Tesla and most of its investors think so. Musk owns about 22 percent of the company, and if the award were to fully vest, he would own about 28 percent, Tesla told Bloomberg Law. That doesn’t account for unforeseen dilution in the next decade, the company said.
The Road Ahead
Under the new plan, Musk will earn one-12th of the options every time Tesla hits a pair of goals: one tied to its market value and the other linked to either revenue or earnings before interest, taxes, depreciation and amortization. For Musk to vest in all the options, Tesla would have to become worth $650 billion--more than Facebook Inc.--and produce more revenue than Procter & Gamble Co.
If that’s achieved, Musk’s award could swell in value to more than $50 billion, regulatory filings show. But he “could make off-the charts compensation by just hitting the two lowest tranches over the next few years,” Eric Hosken, a partner at executive compensation consulting firm Compensation Advisory Partners, told Bloomberg Law.
Tesla’s market value must surpass $150 billion for Musk to be eligible for the first two tranches, a hurdle that’s more feasible, Hosken said. The annual stock price increase required to reach that level may not beat the broader market by a wide margin, proxy adviser Glass Lewis & Co. wrote in a report.

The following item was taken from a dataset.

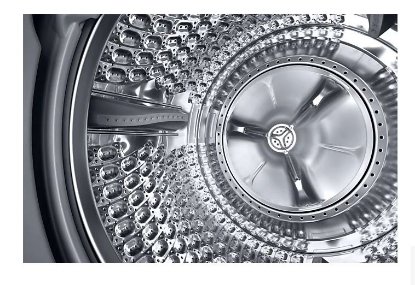 Perilica rublja SAMSUNG WW90T854DBT/S7, 9 kg, 1400 o/min, Inverter, QuickDrive, Eco Bubble, energetski razred A, bijela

Each tranche is also tied to one of 16 financial milestones, split between goals for revenue and EBITDA, which excludes stock-based compensation expense. As a result, Musk could get more than half of his options by growing revenue, even if the firm continues to post annual losses.
“They’ve created a good amount of flexibility in the program’s design that allows the company to be an engine for market cap and revenue growth, but not necessarily profitability,” Aalap Shah, a partner at compensation consultant Pearl Meyer, told Bloomberg Law. While shareholders will benefit, will it be “mainly because of hype, or because there is a sustainable business underneath?”

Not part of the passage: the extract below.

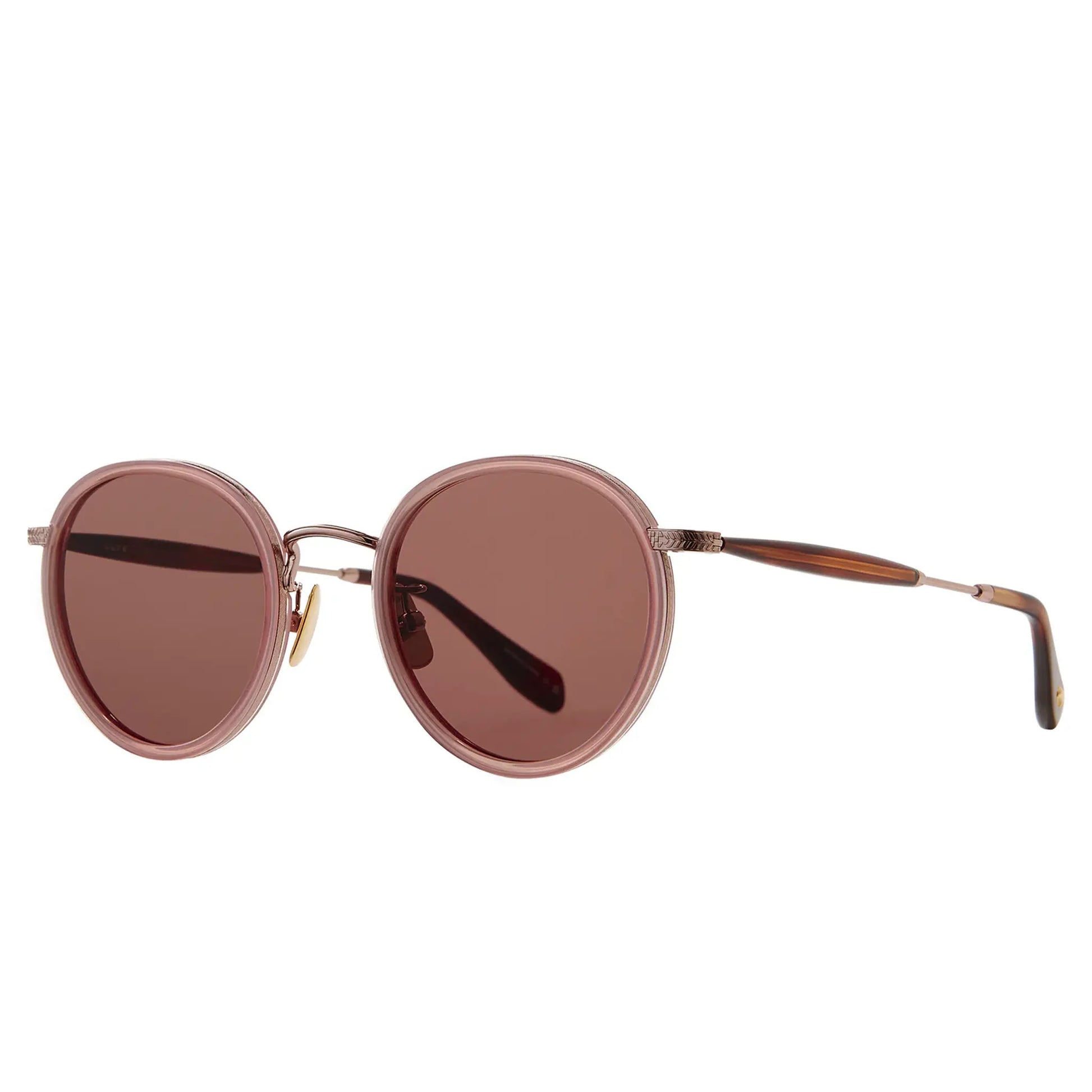 Garrett Leight Wilson X Forever Classic Desert Rose Copper Sunglasses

Concern about the lack of profit goals was echoed by the California State Teachers’ Retirement System, the second-largest pension fund in the U.S., which said in a statement it voted against the plan.
Tesla will “begin generating positive quarterly operating income on a sustained basis” this year, Musk said on an earnings call last month. The firm’s shareholders will benefit if the goals are met, and if they’re not, Musk won’t get paid, Tesla said.
Several of the firm’s largest shareholders, including Baillie Gifford & Co. and T. Rowe Price Group Inc. publicly lauded the performance award. About 73 percent of shares voted at the meeting were cast in favor of the plan. Musk and his brother Kimbal, who’s a Tesla director, said they wouldn’t vote their shares.
Tesla said in regulatory filings that it discussed the award, which was modeled after a similar grant given to Musk in 2012, with a number of its largest shareholders, who were generally supportive of the structure.
Musk, a billionaire, has about half of his net worth tied up in Tesla stock. While the award may significantly boost Musk’s wealth, most of the increase will come from his existing ownership stake rising in value, not from his compensation, according ISS’s Roe.
The size of the award, combined with Musk’s existing stake, calls into question whether the shares could have been used to hire or pay a large number of other employees, said Pearl Meyer’s Shah. Tesla has experienced several executive departures in recent months, including Susan Repo, who was corporate treasurer, and accounting chief Eric Branderiz.
That criticism is unfounded, Tesla told Bloomberg Law, saying there is no link between recent departures and compensation. All of its 40,000 workers have equity in the company, Tesla said, and will benefit if the milestones in Musk’s compensation package are met.
The award may also set a costly precedent for whenever Tesla hires a successor for Musk, Glass Lewis said in its report. The adviser praised Tesla’s board for promising to adjust the performance thresholds if the company engages in mergers or spinoffs that would be material to the performance goals.
But to shareholders like Ross Gerber, CEO of Gerber Kawasaki Wealth & Investment Management in Santa Monica, California, which holds Tesla shares, Musk is worth every penny.